Transcribe only part of the material below: the lines from the one containing "HaymesLive's tweet image." through the one containing "ОРИГИНАЛ VW AUDI", inclusive, exactly as written.

Segment Open

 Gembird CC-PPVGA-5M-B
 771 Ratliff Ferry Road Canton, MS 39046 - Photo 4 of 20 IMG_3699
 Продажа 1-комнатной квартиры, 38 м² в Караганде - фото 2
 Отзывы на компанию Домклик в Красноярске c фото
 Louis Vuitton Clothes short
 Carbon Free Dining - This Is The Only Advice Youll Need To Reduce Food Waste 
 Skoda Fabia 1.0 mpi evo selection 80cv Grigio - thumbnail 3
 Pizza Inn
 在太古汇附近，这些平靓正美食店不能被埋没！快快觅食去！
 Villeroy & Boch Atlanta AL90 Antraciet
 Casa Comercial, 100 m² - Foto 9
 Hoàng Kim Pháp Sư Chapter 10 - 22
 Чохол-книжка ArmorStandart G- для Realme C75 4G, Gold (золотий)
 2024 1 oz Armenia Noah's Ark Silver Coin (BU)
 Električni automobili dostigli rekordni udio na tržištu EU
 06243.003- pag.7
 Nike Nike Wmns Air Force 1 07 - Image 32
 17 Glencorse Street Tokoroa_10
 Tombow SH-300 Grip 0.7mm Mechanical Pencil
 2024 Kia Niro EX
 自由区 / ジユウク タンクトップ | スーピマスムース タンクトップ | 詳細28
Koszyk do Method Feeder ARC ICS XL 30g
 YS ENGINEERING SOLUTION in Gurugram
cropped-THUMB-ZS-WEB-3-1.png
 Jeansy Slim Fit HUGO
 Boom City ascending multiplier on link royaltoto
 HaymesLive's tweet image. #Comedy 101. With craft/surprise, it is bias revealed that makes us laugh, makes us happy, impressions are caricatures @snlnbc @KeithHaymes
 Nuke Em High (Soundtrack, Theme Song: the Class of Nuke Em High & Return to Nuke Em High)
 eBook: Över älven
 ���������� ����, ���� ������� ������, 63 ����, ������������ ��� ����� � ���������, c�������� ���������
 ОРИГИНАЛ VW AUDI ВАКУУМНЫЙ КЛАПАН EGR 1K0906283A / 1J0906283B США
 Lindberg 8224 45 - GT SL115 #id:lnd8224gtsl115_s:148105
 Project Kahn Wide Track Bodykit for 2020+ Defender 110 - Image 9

Segment Closed

§ **RESPONSE AREA**:
 HaymesLive's tweet image. #Comedy 101. With craft/surprise, it is bias revealed that makes us laugh, makes us happy, impressions are caricatures @snlnbc @KeithHaymes
 Nuke Em High (Soundtrack, Theme Song: the Class of Nuke Em High & Return to Nuke Em High)
 eBook: Över älven
 ���������� ����, ���� ������� ������, 63 ����, ������������ ��� ����� � ���������, c�������� ���������
 ОРИГИНАЛ VW AUDI ВАКУУМНЫЙ КЛАПАН EGR 1K0906283A / 1J0906283B США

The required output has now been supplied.